What the task requires:
Write out the listing below in full and exactly, leaving out every picture.

----------------

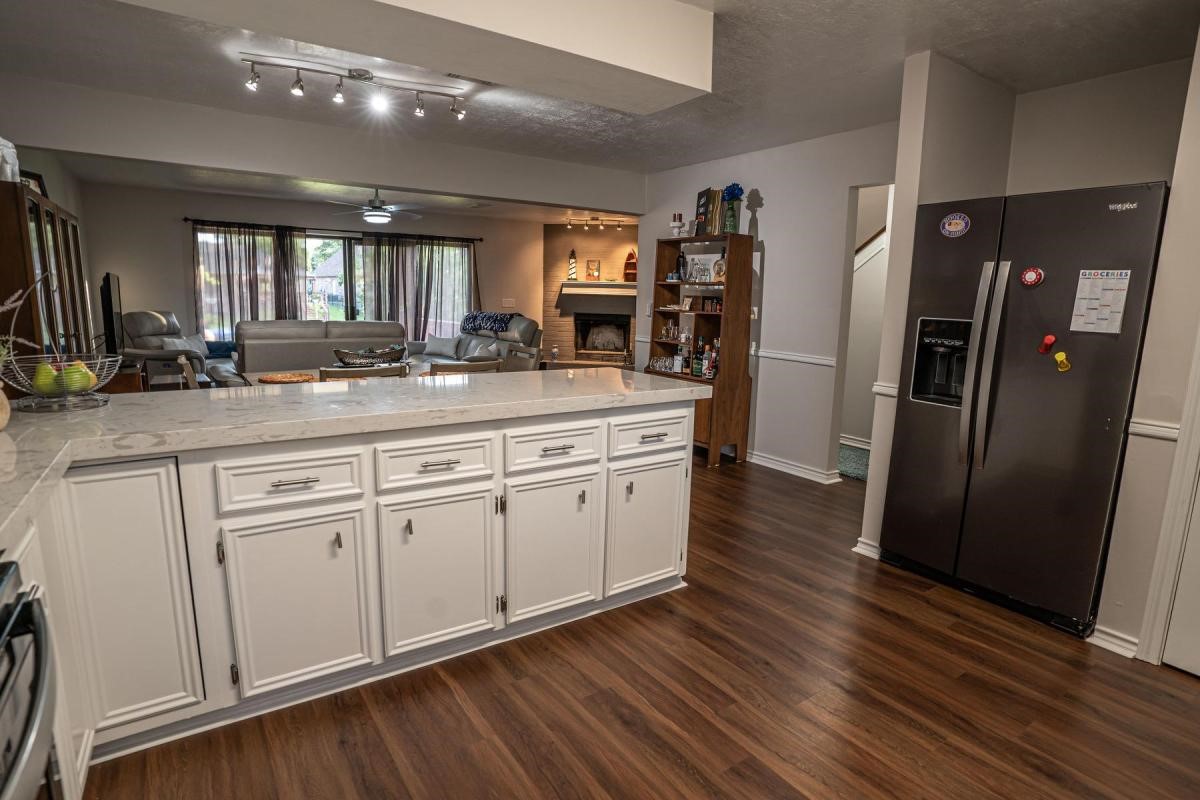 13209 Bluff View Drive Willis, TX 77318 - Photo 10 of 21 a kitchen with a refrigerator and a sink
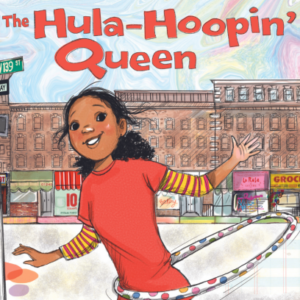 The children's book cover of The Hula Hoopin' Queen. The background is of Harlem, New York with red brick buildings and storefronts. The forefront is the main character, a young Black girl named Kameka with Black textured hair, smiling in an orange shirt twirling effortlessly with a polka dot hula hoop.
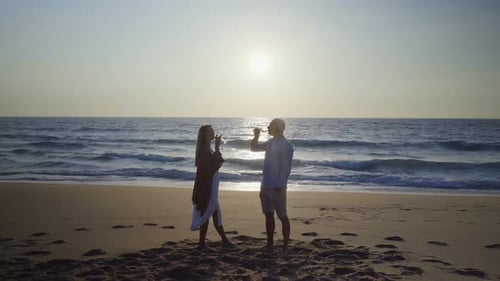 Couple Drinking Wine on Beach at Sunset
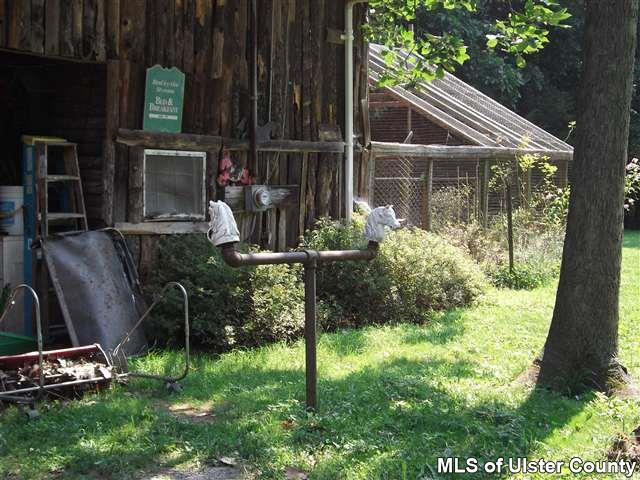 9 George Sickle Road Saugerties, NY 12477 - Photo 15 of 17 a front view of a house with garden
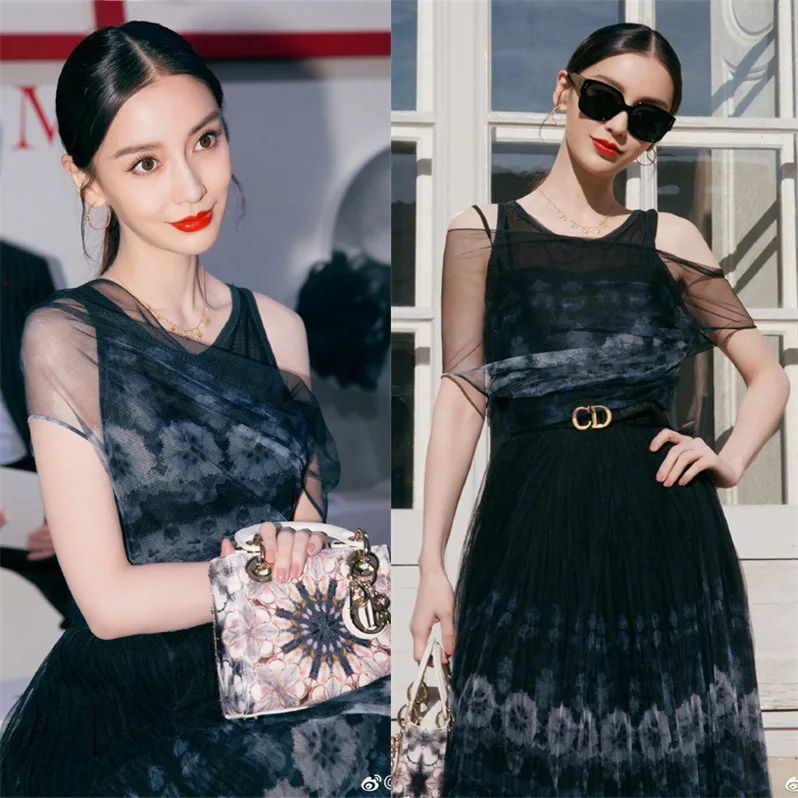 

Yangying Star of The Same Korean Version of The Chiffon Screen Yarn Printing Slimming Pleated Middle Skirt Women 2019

----------------

Worked solution:
 13209 Bluff View Drive Willis, TX 77318 - Photo 10 of 21 a kitchen with a refrigerator and a sink
 The children's book cover of The Hula Hoopin' Queen. The background is of Harlem, New York with red brick buildings and storefronts. The forefront is the main character, a young Black girl named Kameka with Black textured hair, smiling in an orange shirt twirling effortlessly with a polka dot hula hoop.
 Couple Drinking Wine on Beach at Sunset
 9 George Sickle Road Saugerties, NY 12477 - Photo 15 of 17 a front view of a house with garden

Yangying Star of The Same Korean Version of The Chiffon Screen Yarn Printing Slimming Pleated Middle Skirt Women 2019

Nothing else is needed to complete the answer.